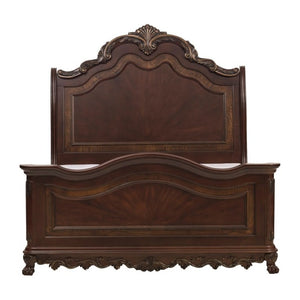 English Elm Eastern King Sleigh Bed Set Cherry Veneer with Gold Tipped Carved Traditional Details B011S06050
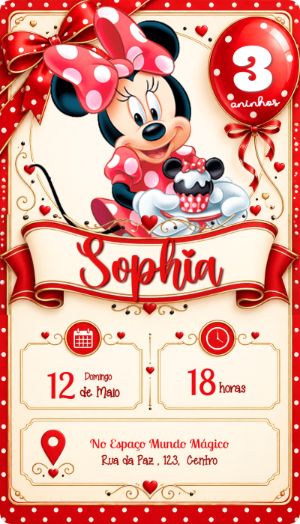 Convite de Aniversário Minnie Vermelha Editável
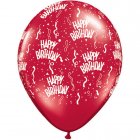 BALLOONS LATEX - BIRTHDAY RUBY RED PACK 25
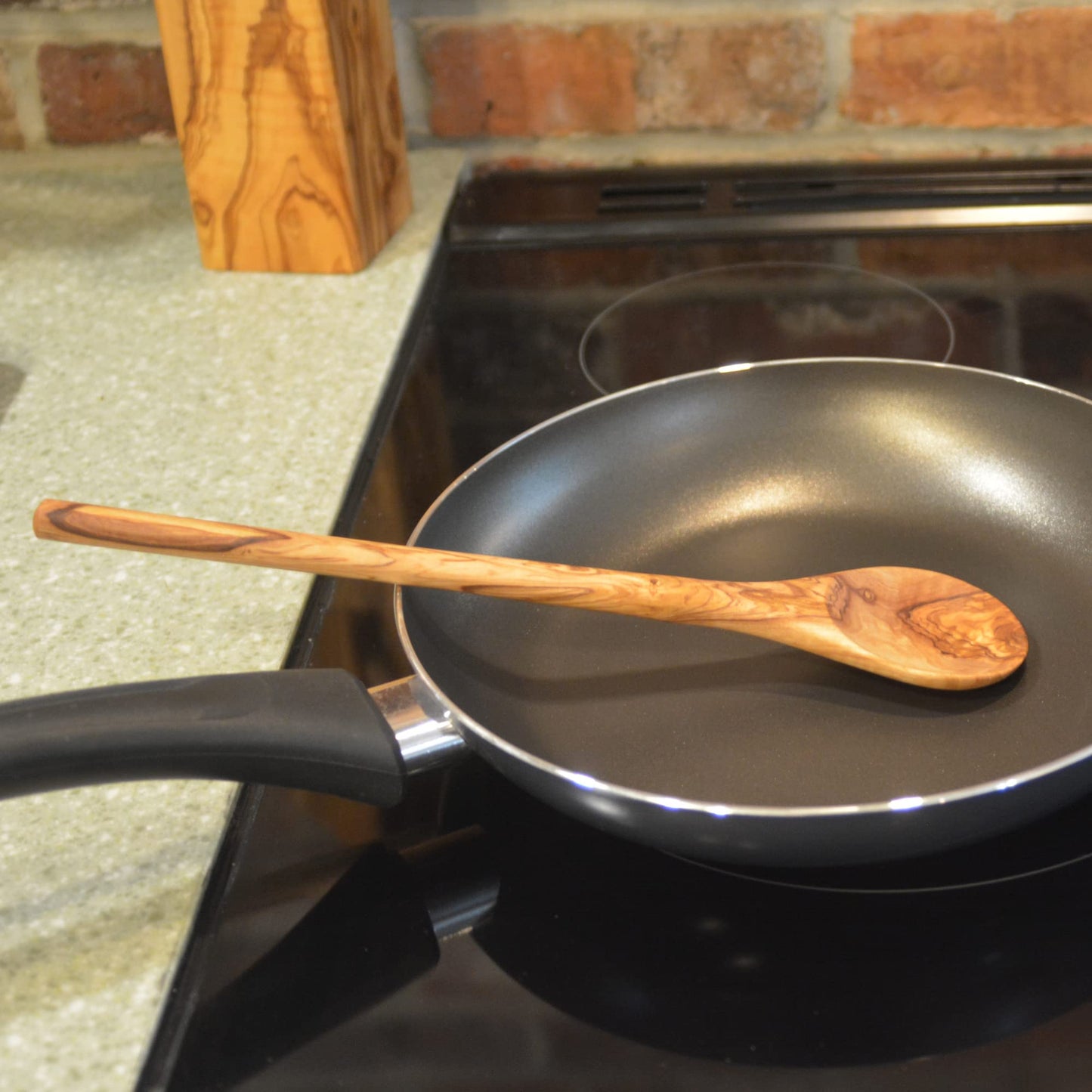 The Live Edge - Handmade Olive Wood Spoon 12" Long handle | Large Wooden Spoon for Cooking, Kitchen Utensil | Single Nonstick Wood Serving Spoons for Soup Stirring | Wooden Mixing Spoons for Baking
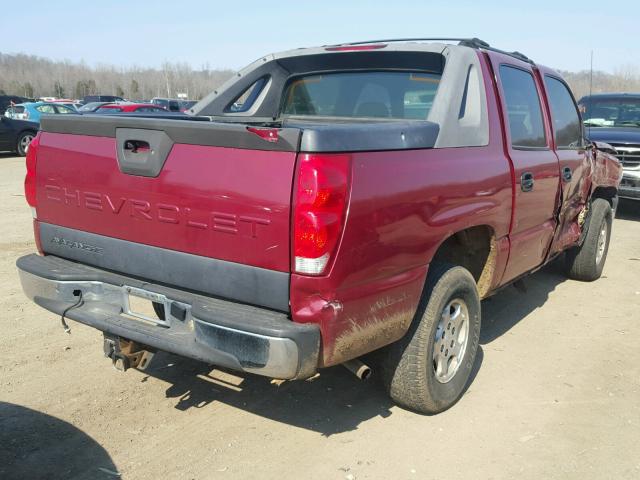 3GNEC12T84G148898 - 2004 CHEVROLET AVALANCHE RED photo 4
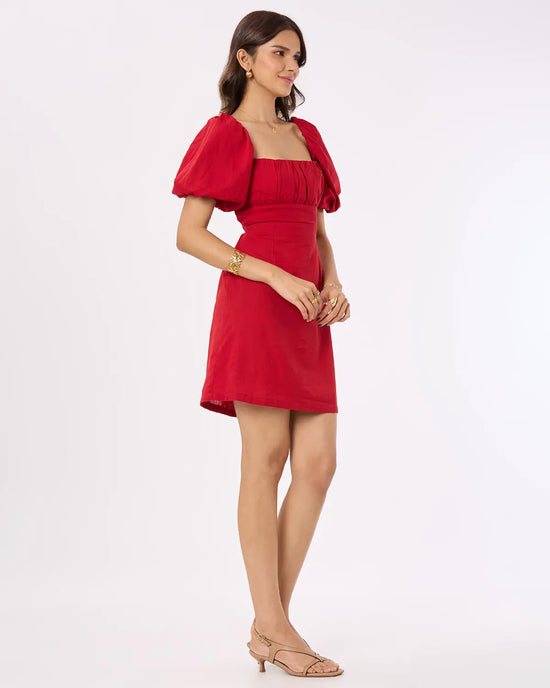 Red Solid Back Tie-up Short Dress Basic But Better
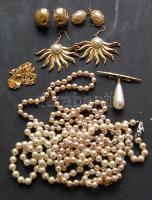 Kis bizsu tétel: 4 db Tekla gyöngy nyaklánc + 3 fülbevaló + 1 kitűző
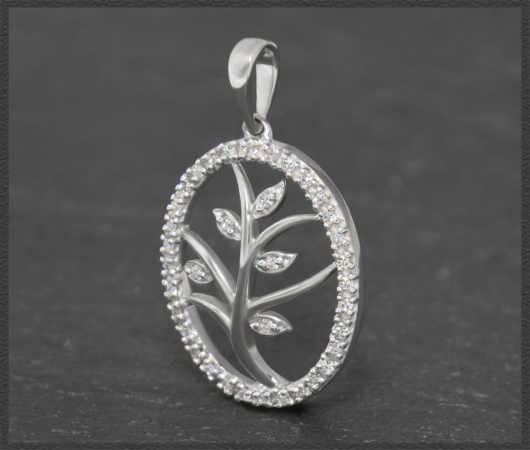 Anhänger 10K Gold Lebensbaum, 0,20ct Diamanten
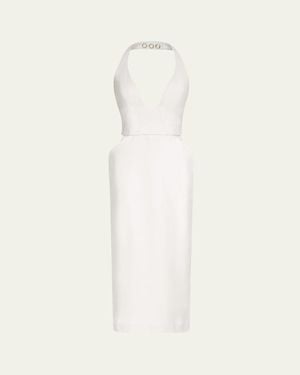 Twp On Again Off Again Halter Midi Dress - Natural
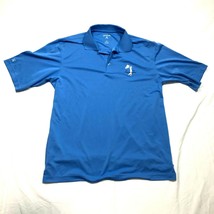 Antigua Golf Polo Shirt Mens M Blue Short Sleeve Swinging Heroes Logo Breathable - £10.22 GBP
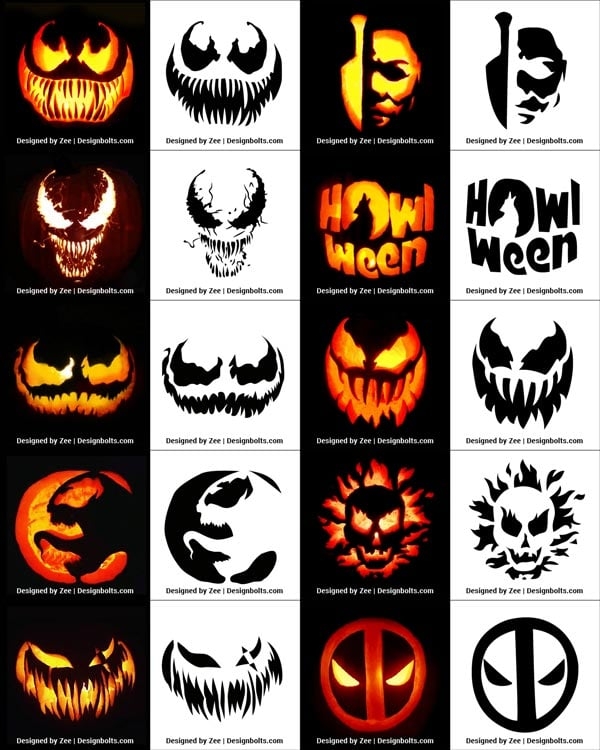Free Printable Venom Pumpkin Carving Stencils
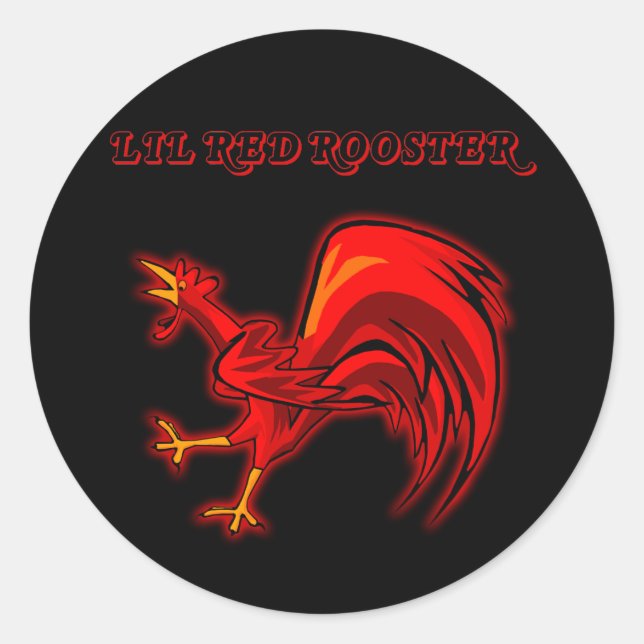 Lil Red Rooster Classic Round Sticker (Front)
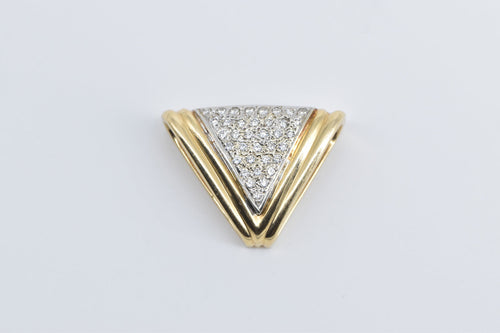 14K 0.50 Ctw Natural Diamond Pave Triangle Slide Pendant Yellow Gold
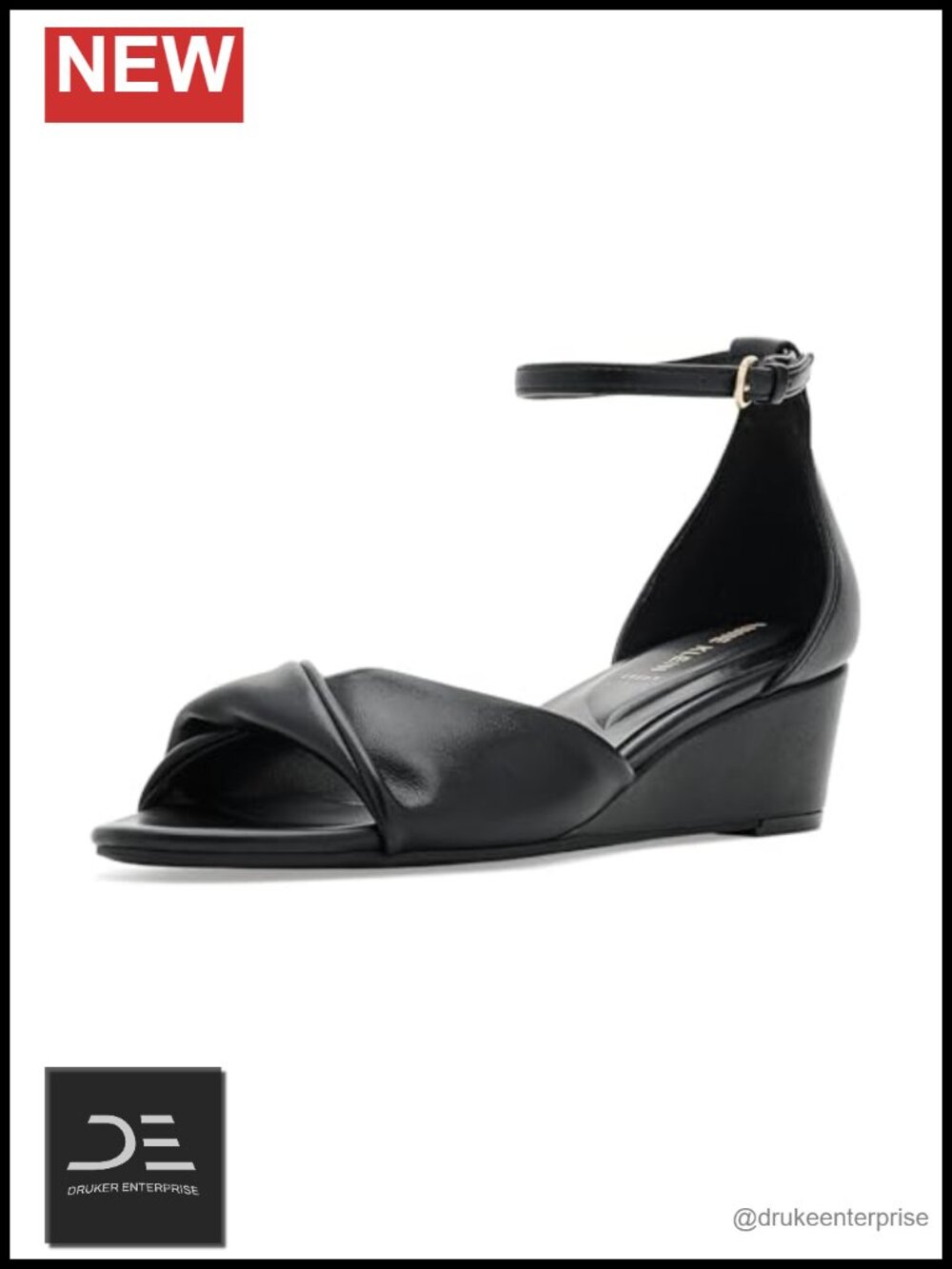 Anne Klein Whitby Women's Wedge Sandals Ankle Strap PU Leather Open Toe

Task objective: Please copy the lines above exactly, starting at the line that holds "3GNEC12T84G148898 - 2004" and ending at the line that holds "Twp On Again"; include both, but no pictures.

Solution to this task:
 3GNEC12T84G148898 - 2004 CHEVROLET AVALANCHE RED photo 4
 Red Solid Back Tie-up Short Dress Basic But Better
 Kis bizsu tétel: 4 db Tekla gyöngy nyaklánc + 3 fülbevaló + 1 kitűző
 Anhänger 10K Gold Lebensbaum, 0,20ct Diamanten
 Twp On Again Off Again Halter Midi Dress - Natural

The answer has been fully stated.